START DATA BLOCK

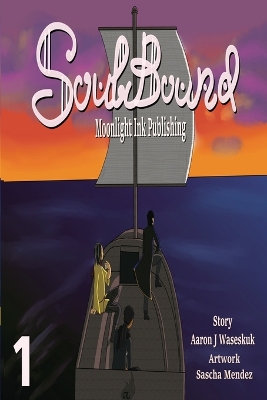 Cover of SoulBound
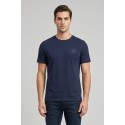 Beverly Hills Polo Club t-shirt in jersey di cotone stretch TS415022 [dc389786]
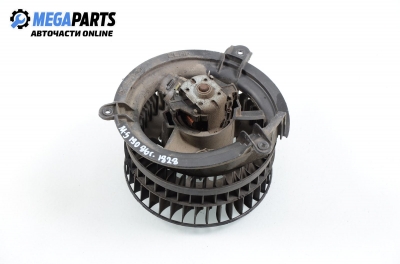 Heating blower for Mercedes-Benz 190E 2.5 D, 90 hp, 1986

END DATA BLOCK

REQUIREMENT: Output all the material exactly. The pictures are to be left out.

TASK RESULT:
 Cover of SoulBound
 Beverly Hills Polo Club t-shirt in jersey di cotone stretch TS415022 [dc389786]
 Heating blower for Mercedes-Benz 190E 2.5 D, 90 hp, 1986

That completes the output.